I watched, entranced, at the largest migrating mammal of the north. From Russia and Scandinavia, to the Americas, like the wildebeest migrations of Africa, hundreds of thousands of deer move thousands of kilometres. Some of them, especially the porcupine caribou of Alaska can move 3000 kilometres in a season. But the large flowing rivers of caribou are no longer the norm. Even as late as 1939 native American chiefs remember waiting ten hours for a herd of deer to ford a river. That must have been a roaring torrent of hooves. A cacophony of clicking knees, an anatomical peculiarity that allow the deer to keep track of each other in a snow blizzard. But those days are long gone. Very large herds can now be counted on two hands and each herd is monitored by wildlife managers and scientists. The days of ranging vast and wild seem numbered. The IUCN have placed the deer as vulnerable, only one step away from being endangered. All of Santa’s deer; the quicksilver Dasher and Blitzen, the extrovert Dancer and Prancer, the easy going Comet and Cupid, the dashing Vixen and Donner and the lovable Olive and Rudolph, need saving.

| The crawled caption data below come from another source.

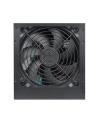 Thermaltake Litepower II Black 650W (Active PFC, 2xPEG, 120mm, Single Rail) - nr 5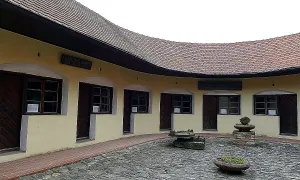 Masné krámy (Moravské Budějovice)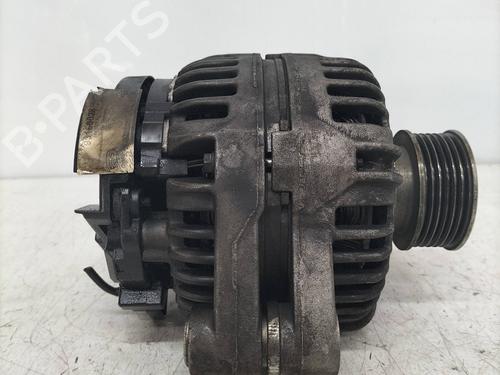 Used Alternator OPEL VECTRA C (Z02) [2002-2009]  11009772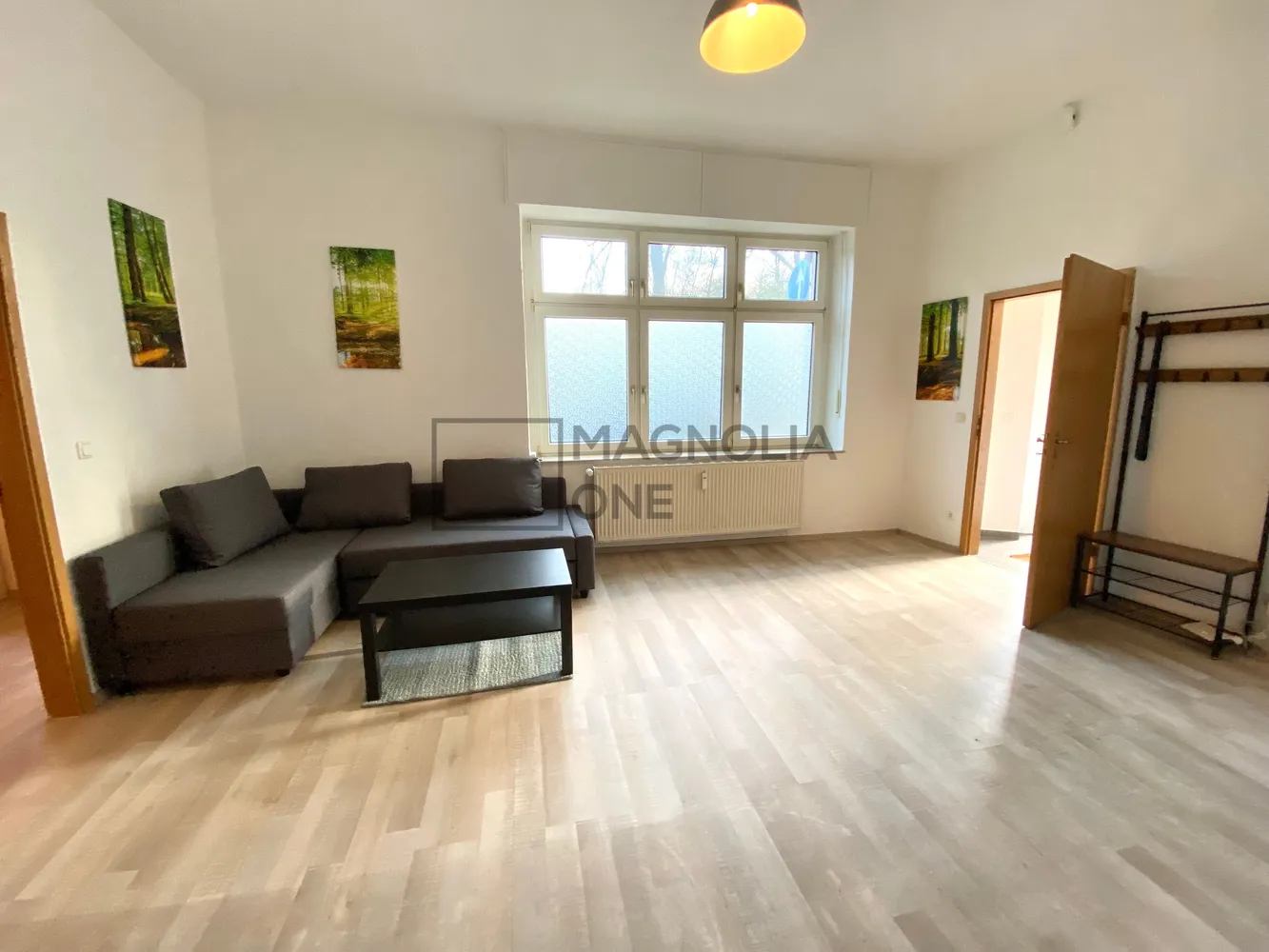 2 Zimmer Wohnung mit 58 m² in Essen – Bild 2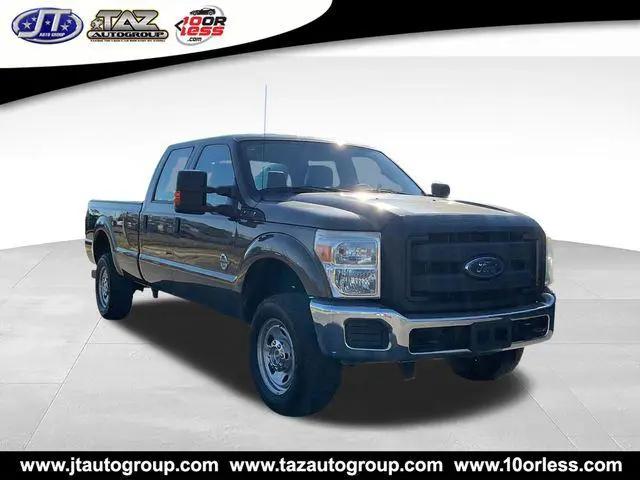 2016 Ford F-350 XL for sale in Sanford, NC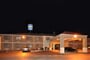 Tennessee - Memphis - Best Western West Memphis Inn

The Ilhalmiut have a saying, “Once upon a time there were no caribou on the earth. But there was a man who wished for caribou, and he cut a hole, deep in the ground, and up this hole came caribou, many caribou. The caribou came pouring out, until the earth was almost covered with them. And when the man thought there were caribou enough for mankind, he closed up the hole again. Thus the caribou came up on earth”. We need to find that man again and he needs to dig up another hole. For, the world is losing its truly wild caribou at rates that will need the magic of the People of the Deer. Nothing else, it seems, will bring them back.